3) Beat 2 games for every game I purchase
  • My backlog has grown too big. Time to start beating some of the games I own so they don’t sit there forever.
4) Only spend up to $750 on games (excludes gifts, existing deposits, strategy guides)
  • Kinda coincides with the previous goal. By limiting myself to $750, this should motivate me to play games I already own vs just going out and buying more.

Saturday, December 24, 2011

They were only dreams, nothing more

I'm beginning to realize that I am at that point in my life where I am no longer looking to that what if future scenario and instead just accepting reality for what it currently is and learning to live with it. For starters, I've recently come to grips with the fact that  I'm not that smart; my 70% average in college proves that nicely.  I'm not going to be some sort of brainiac smart kid who makes Asians look dumb, I'm just plain old me. And  I'm ok with that. I no longer imagine myself being this top of the class student who gets a dream networking job right out of college, but rather that person who will probably finish more or less the same as I'm currently doing now, and then have to wait who knows how long, get a job that pays the bills, and that'd be it. Which that kinda segways into the next thing I've learned to accept; being alone. I know, you're probably thinking "oh, he's just feeling sorry for himself" or something, but in reality, it is true, and there is a difference between feeling sorry for one's self and accepting reality. It is unrealistic at this point in time to think that I'll be something more than what I am now. I've learned to accept that I probably won't have a significant other, get married, and have kids. In order for that to happen, it would mean that some single girl would have to actually want to be around me (which that list sits at 0), be willing to at least accept my oddball nerdyness and gaming being my main pastime. And then on top of that they'd actually be willing to be around that all the time.

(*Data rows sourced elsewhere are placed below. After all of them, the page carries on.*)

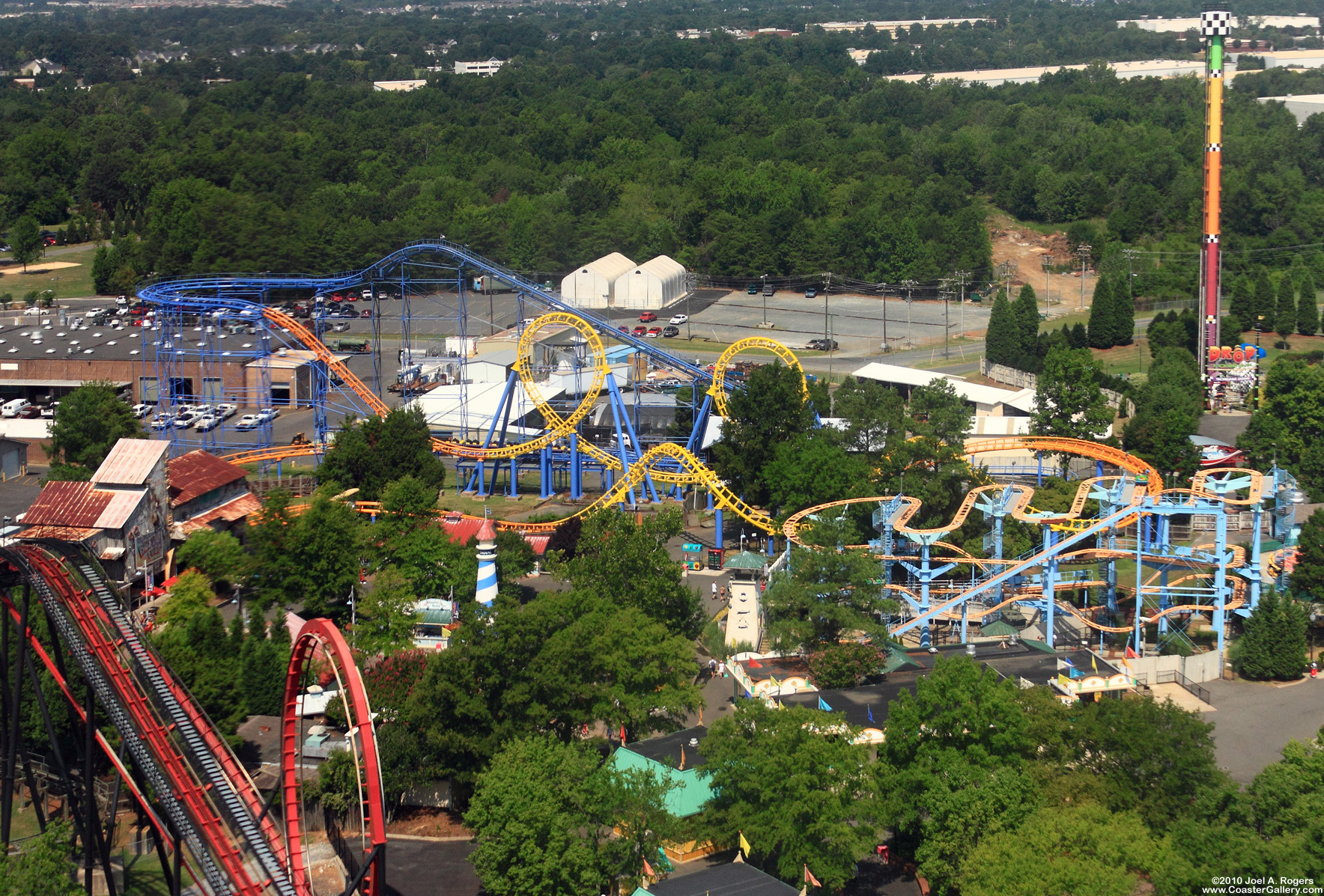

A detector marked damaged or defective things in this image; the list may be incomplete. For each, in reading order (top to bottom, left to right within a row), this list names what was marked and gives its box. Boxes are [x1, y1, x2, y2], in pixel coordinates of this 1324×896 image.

rusty metal roof building [91, 436, 168, 487]
rusty metal roof building [169, 450, 249, 505] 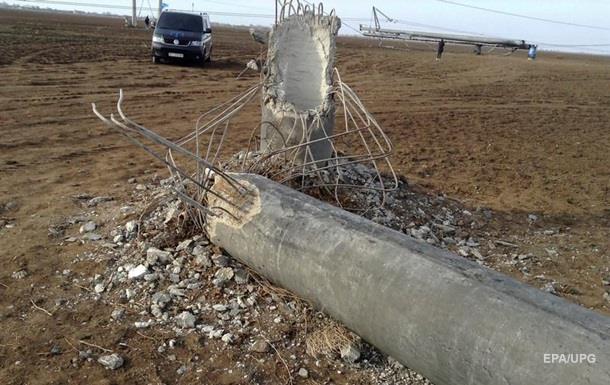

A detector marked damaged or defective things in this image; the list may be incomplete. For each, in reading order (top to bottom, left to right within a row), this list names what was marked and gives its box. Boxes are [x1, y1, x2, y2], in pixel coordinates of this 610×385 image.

broken concrete pole [258, 11, 340, 164]
broken concrete pole [207, 173, 604, 384] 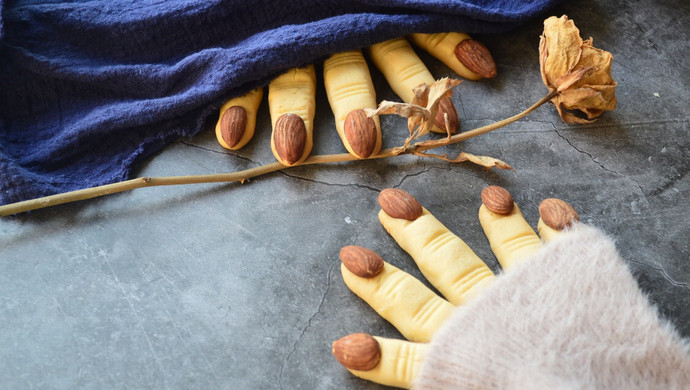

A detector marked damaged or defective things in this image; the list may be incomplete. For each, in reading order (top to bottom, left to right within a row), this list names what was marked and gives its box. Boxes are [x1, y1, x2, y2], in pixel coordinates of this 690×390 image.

crack in concrete [276, 171, 382, 194]
crack in concrete [276, 258, 336, 388] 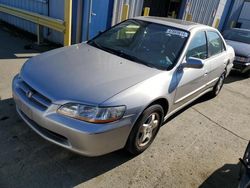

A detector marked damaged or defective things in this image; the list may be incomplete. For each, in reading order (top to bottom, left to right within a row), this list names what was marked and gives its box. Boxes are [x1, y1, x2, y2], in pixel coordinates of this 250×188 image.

crack in asphalt [191, 107, 248, 141] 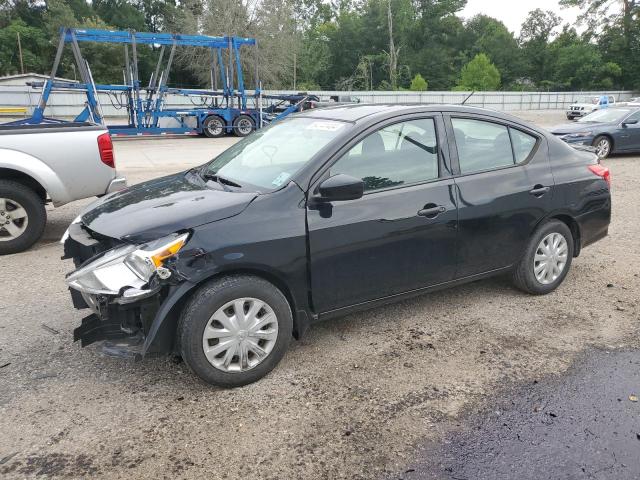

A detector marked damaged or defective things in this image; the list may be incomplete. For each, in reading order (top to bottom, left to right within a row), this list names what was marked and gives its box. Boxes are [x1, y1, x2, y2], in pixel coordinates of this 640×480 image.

crumpled hood [80, 171, 258, 242]
broken headlight [66, 232, 189, 296]
front-end collision damage [63, 224, 198, 356] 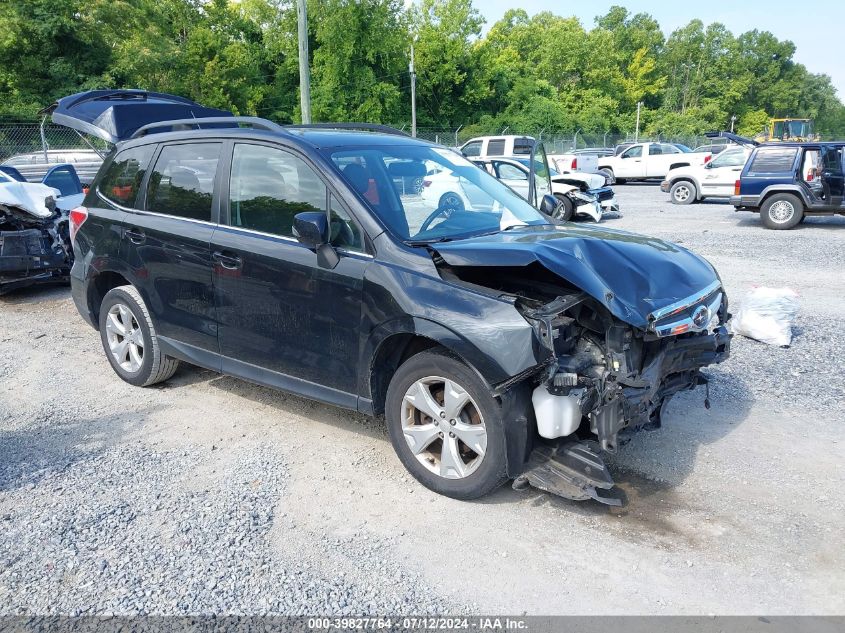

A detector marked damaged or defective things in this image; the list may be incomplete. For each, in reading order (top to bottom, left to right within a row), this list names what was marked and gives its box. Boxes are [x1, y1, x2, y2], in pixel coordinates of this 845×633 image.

damaged front end [0, 181, 73, 292]
crumpled hood [436, 225, 720, 328]
damaged front end [432, 244, 728, 502]
detached bumper piece [512, 442, 624, 506] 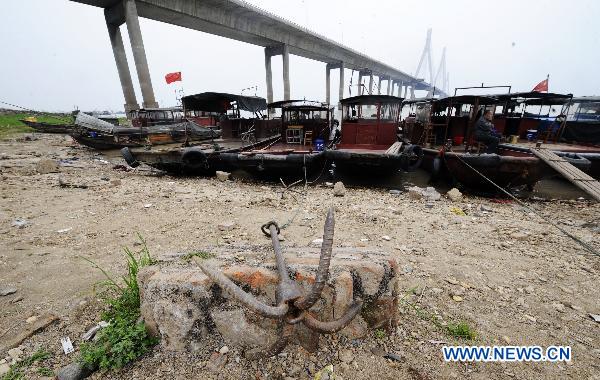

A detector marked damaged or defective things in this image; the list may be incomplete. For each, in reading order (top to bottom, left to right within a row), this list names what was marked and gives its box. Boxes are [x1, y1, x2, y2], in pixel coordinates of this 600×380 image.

rusty anchor [195, 208, 364, 360] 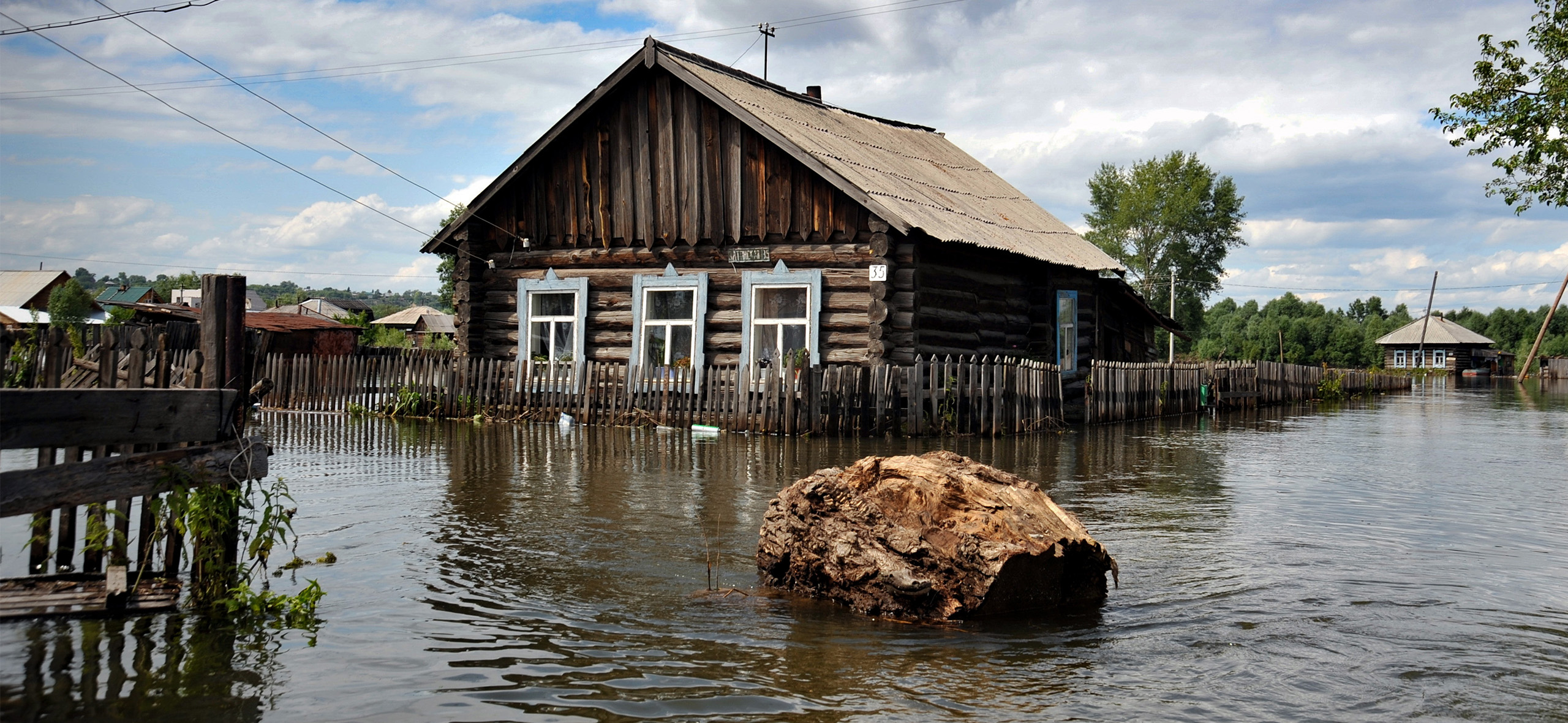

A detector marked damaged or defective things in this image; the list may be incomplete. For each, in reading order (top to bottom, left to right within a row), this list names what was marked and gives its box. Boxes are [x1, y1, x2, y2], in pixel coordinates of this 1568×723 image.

house with rusty roof [423, 40, 1179, 377]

That's not going to happen. I've learned to simply accept that it is what it is, and I'm leaving it at that.

I'm ok with the idea of having an average job and just having myself to look out for.

Friday, March 11, 2011

Page 50

I've had this account for awhile now, but have yet to do anything with it until today. It might have to do with the fact that it is currently 1pm and I have been up since 7am, and have yet to drag myself out of my bed. Anywho, my name is Scott, and I guess I'll be putting things here that make my brain feel all burny inside. Trust me when I say that that is no easy task. Anyone who knows me knows my brain is a complex gooey mess of thoughts trying to go up the down escalator. So much so that the only things that I can think of that are more complex than my brain are paying my taxes, how a sewing machine works, and girls.

Ok, I'm gonna get out of bed now to shower. I'm feeling kinda stinky.